Ethics Statement: We don’t get paid by the manufacturer to write these reviews. No one is perfect and we do make money from the “Where To Buy” links below, but this is our best attempt at an honest and objective review from an average riders’ perspective.
How This Review Happened: We borrowed this for an extended demo and then returned it.
Conditions: Everything from bumpy groomers to hard snow to soft pretty well-groomed snow.
Riders: James (Size 9, 5’10” 185-195lbs), Grant (Size 11 6’ 160lbs)
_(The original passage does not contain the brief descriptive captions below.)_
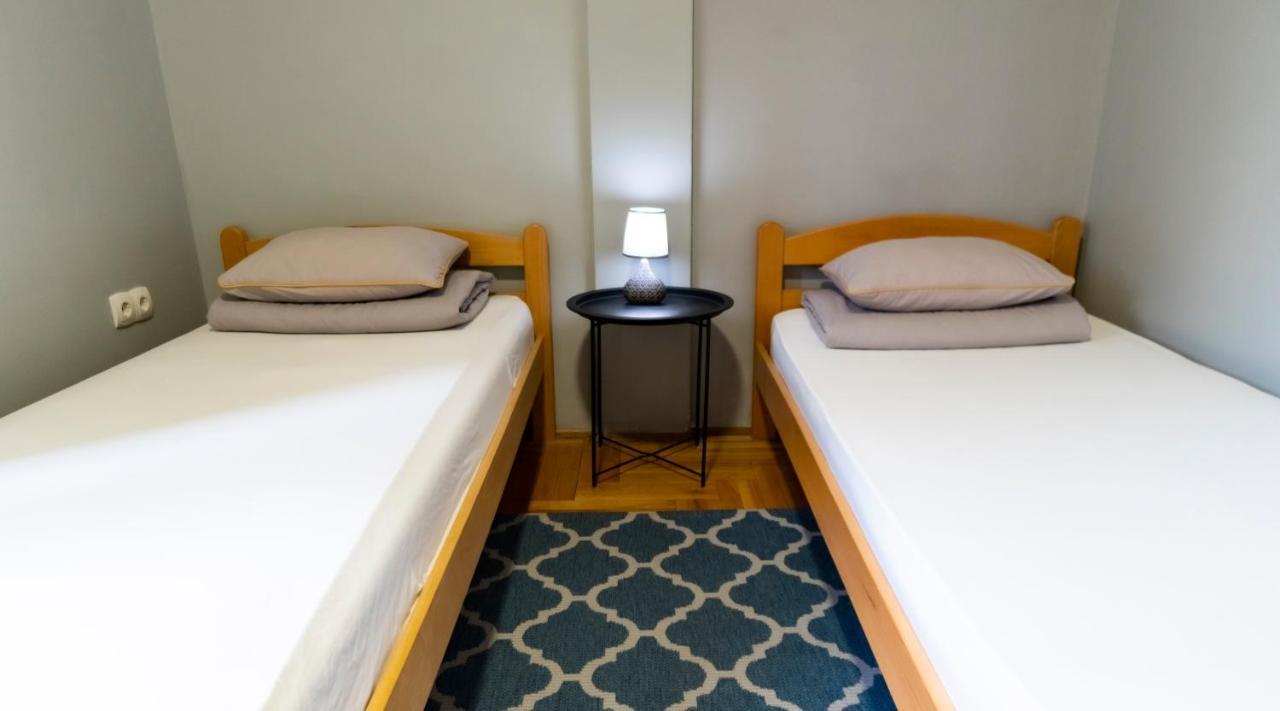 Central Fenix Apartment - Free Private Parking-Fast Wi-Fi Novi Sad Exteriör bild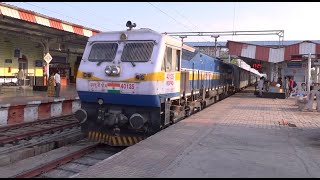 Sparkling Clean Secunderabad Pune Shatabdi Express Arriving At Wadi Jn, Central Railway, Karnataka !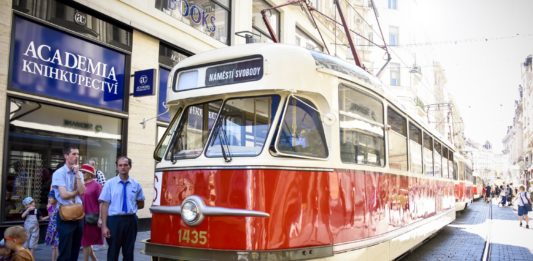 Dopravní nostalgie láká na historické vozy. Premiéru bude mít opravený trolejbus 9Tr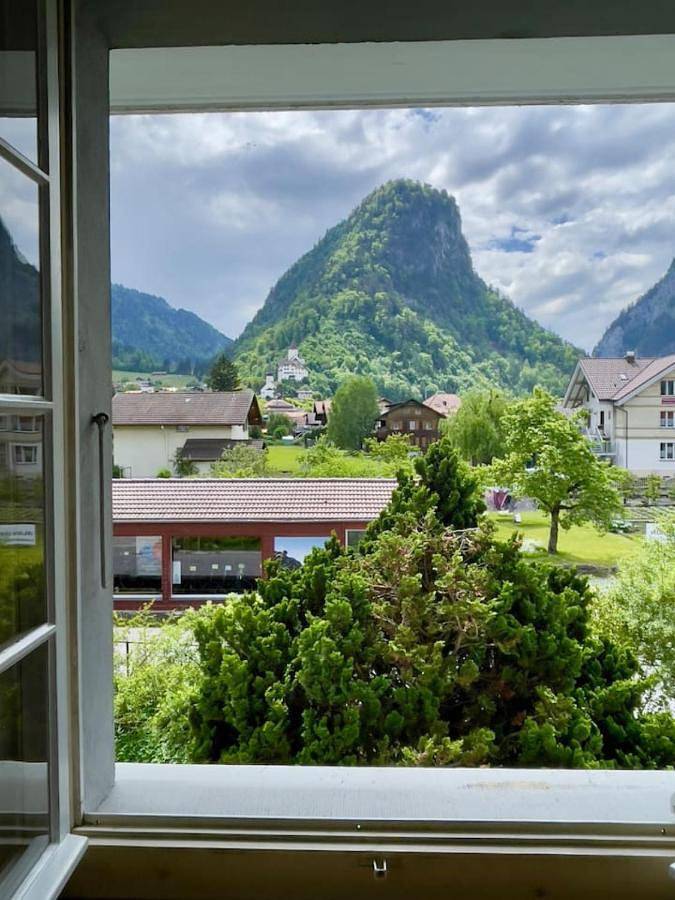 Gîte pour 6 personnes, avec jardin et balcon à Wimmis - 3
Boots: Adidas Tactical ADV
Insoles: Sandsole Custom Insoles, Footprint Insole Technology Gameghangers Low Profile
Bindings: Union Atlas, Union Falcor,
Set Up: 22” Close to reference 18 front -6 back. 21.75″ 21 front 0 back.
Arbor A-Frame Past Reviews
The Arbor A-Frame is an old school aggressive Freeride board that is all about carving, speed and it makes morning groomers exceptionally fun.
2014-2016 Arbor A-Frame Review
The 2016 and 2015 Arbor A-Frame is pretty much the same as the 2014 which had a lot of changes to the look as well as a little change to the ride. The only difference is that the A-Frame now comes in Wide.
Conditions: Perfect Groomers with a bit of soft snow off piste.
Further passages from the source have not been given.